N° 1208 | Le 25 mai 2017 | Jacques Trémintin | Critiques de livres (accès libre)
Les formateurs en travail social n’avaient jamais eu leur monographie. Voilà qui est fait. Se fondant sur sa thèse de doctorat, Christophe Verron passe au scanner ce groupe social aux contours flous, qui lui aussi est confronté au contrôle managérial, à la standardisation des pratiques et au renforcement bureaucratique du cadre réglementaire.
Posons le contexte. On compte 460 établissements de formation agréés, 3 500 formateurs préparant plus de 63 000 étudiants à 14 diplômes allant du niveau V (CAP) au niveau I (Master). Le marché très concurrentiel de la formation pour adultes place aux côtés des écoles traditionnelles, des Institut Régionaux de Travail Social et des Instituts de Formation Sanitaires et Sociaux, des lycées professionnels, des IUT, des GRETA et des MFR, rendant d’autant plus complexe la lisibilité du secteur. Deux tiers des formateurs possèdent un diplôme professionnel et ont exercé en moyenne une quinzaine d’années. Leur itinéraire passe par l’accueil de stagiaires, la participation à des jurys de sélection ou d’examen, les interventions comme vacataire, l’accompagnement de mémoires et/ou l’analyse de pratique, avant d’être recruté par cooptation endogène, quand une place se libère. Alors que la réglementation ne l’impose pas, ils poursuivent des études pour répondre aux exigences de qualification. L’autre tiers n’a pas d’expérience professionnelle, mais possède un diplôme universitaire.
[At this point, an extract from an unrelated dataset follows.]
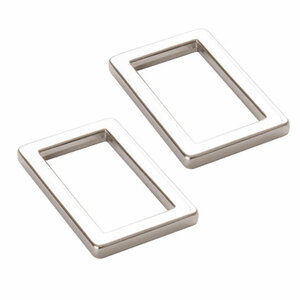 ByAnnie | Recktangle Ring Flat Nickel 1" / set van 2 [HAR1RRNTWO]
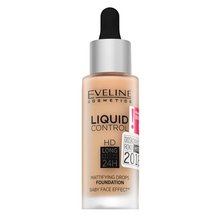 Eveline Liquid Control HD Mattifying Drops Foundation hosszan tartó make-up matt hatású 015 Light Vanilla 32 ml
Être formateur, c’est consacrer 34% de son temps en prise directe avec les étudiants, 40% en préparation et 13% en lecture-recherche. Reste un temps non négligeable en relation avec les partenaires, la représentation de l’institution et les tâches administratives. Aucune formation n’est dédiée à cette nouvelle mission dans laquelle le formateur se jette à son arrivée, en s’ajustant et apprenant à faire. Contrairement à ce que l’on aurait pu penser, la fonction ne constitue pas l’aboutissement d’une carrière, mais une étape, avant d’accéder à un poste de cadre dans un établissement. Le groupe de formateurs n’a jamais réussi à se construire collectivement, étant confronté à une grande hétérogénéité liée à une segmentation par métier et filière et par niveau de qualification.
L’avenir des formateurs se trouve à la croisée des chemins, plusieurs scénarios potentiels s’avérant possibles : l’intégration à l’université, la transformation en formateurs d’adultes non spécialisés, au contraire la spécialisation par familles professionnelles ou encore une reprofessionnalisation renouant avec l’expérience de travailleur social.